- [What is required] Nothing but the line containing "ANSTER Jewelry Customize" and the lines after it in the entries below should appear, each repeated exactly.

- [Dataset extract]

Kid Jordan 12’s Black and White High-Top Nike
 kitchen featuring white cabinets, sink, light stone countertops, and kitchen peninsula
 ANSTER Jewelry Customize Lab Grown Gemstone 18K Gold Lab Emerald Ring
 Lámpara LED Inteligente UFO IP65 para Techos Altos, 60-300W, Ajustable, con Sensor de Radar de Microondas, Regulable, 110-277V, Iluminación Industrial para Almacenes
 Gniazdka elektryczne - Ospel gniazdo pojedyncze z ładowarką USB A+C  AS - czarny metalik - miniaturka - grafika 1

- [Your response]
 ANSTER Jewelry Customize Lab Grown Gemstone 18K Gold Lab Emerald Ring
 Lámpara LED Inteligente UFO IP65 para Techos Altos, 60-300W, Ajustable, con Sensor de Radar de Microondas, Regulable, 110-277V, Iluminación Industrial para Almacenes
 Gniazdka elektryczne - Ospel gniazdo pojedyncze z ładowarką USB A+C  AS - czarny metalik - miniaturka - grafika 1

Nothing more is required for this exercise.